In spite of the fact that BOPE seemed to be strong enough to use violence against poor populations, it was unable to resist the political use of the institution by the government and the political pressures that aim to generate personal benefits to authorities. In Tropa de Elite 2, drug dealers were expelled from their command at Rio de Janeiro’s slums by corrupt PM policemen who eliminated the middlemen and replaced the missing state. A corrupt system is constructed through the cooperation between the leaders of the militias in the poor communities, the sensationalist press, and politicians associated with the militias. The great militia scheme, based on real examples of militias acting in Rio de Janeiro’s slums, is the main threat Nascimento has to fight against this time, and now he also has to deal with dilemmas in his personal and professional life so that, instead of exhibiting only the patterns of truculent and violent masculinity of the first movie in which he puts himself as a ‘citizen-soldier’, Nascimento is now also more melancholic,  sometimes feeling impotent in the light of his responsibilities as a father and the weight of being a public figure whose life and behavior are the focus of intense public interest and scrutiny.
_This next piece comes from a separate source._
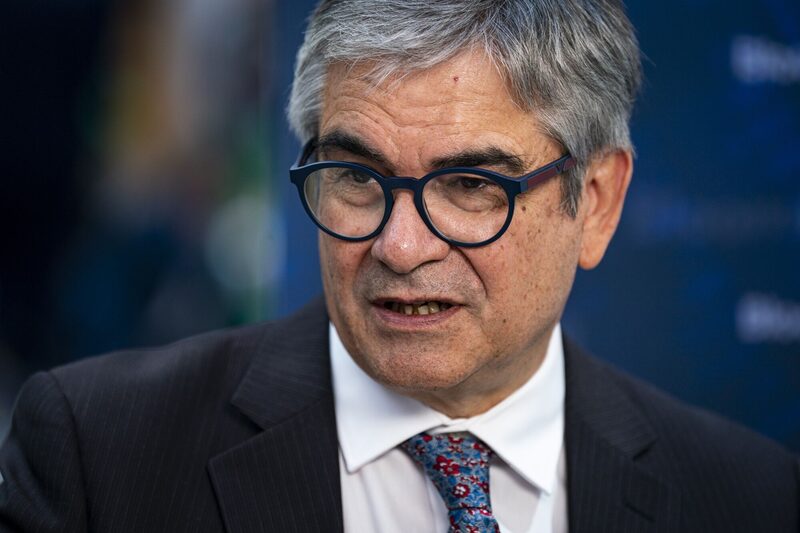 Mario Marcel, ministro de Hacienda de Chile, habla durante una entrevista con Bloomberg Television en Washington, DC, EE.UU., el 13 de abril de 2023. Foto: Bloomberg Mario Marcel, ministro de Hacienda de Chile, habla durante una entrevista con Bloomberg Television en Washington, DC, EE.UU., el 13 de abril de 2023. Foto: Bloomberg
In order to fight the main threats, Nascimento understand that it is not possible to rely only on violence. Institutions of the state can sometimes be more rational and effective tools counteract the corruption within the state itself. In Tropa de Elite 2, Nascimento’s ‘patriotic masculinity’ is still associated with strength, brutality and aggressive heterosexuality, but it becomes more visible than in the first movie that it is not sustained by force alone. In the construction of the ‘citizen-soldier’ in the sequel, violence is gradually combined with rationality and the faith in the power of institutions to construct social order. A masculinity that is more balanced with technical and institutional knowledge is more visible in the main character of Tropa de Elite 2.

The warfare that Nascimento tried to protect in the past stimulate political initiatives and interests that oppose the values of the ‘citizen-soldier’ he defended first as a policeman and then as a high ranking security officer in Rio de Janeiro. Nascimento started to see himself as a part of the uncontrolled warfare and questions his role as an agent who constructs society. He even needs to take pills to survive the pressure he suffers. His job--which dignified him as an important element of the society and as a man--unveiled the opposite: He became an agent prepared to defend the structure of a corrupt and bloody power structure. He starts acting more wisely and questions the structure he used to protect, which is dominated by corrupt men who act in politics and the media, as well as the corrupt policemen who replaced drug dealers as the main power in the slums. A lawsuit is filed by Nascimento and Fraga (interpreted by actor Irandhir Santos), a representative who is a human rights activist with whom Nascimento used to diverge regarding the ways to deal with criminality and corruption in Rio de Janeiro. The lawsuit puts behind bars a great part of the corrupt policemen and politicians involved in criminal activities. Nascimento’s social and personal passions intertwine: When he sees that his family is threatened by the corrupt people who work for the state, he starts acting radically against these people using the tools offered by the state itself, such as the rule of law. He overcomes his personal problems with Fraga--who has married Nascimento’s ex-wife and used to defend ‘the human rights of outlaws’, according to Nascimento--and rationally plays the role of the ‘citizen-soldier’ based on the constitutional guarantees in a democratic republican society.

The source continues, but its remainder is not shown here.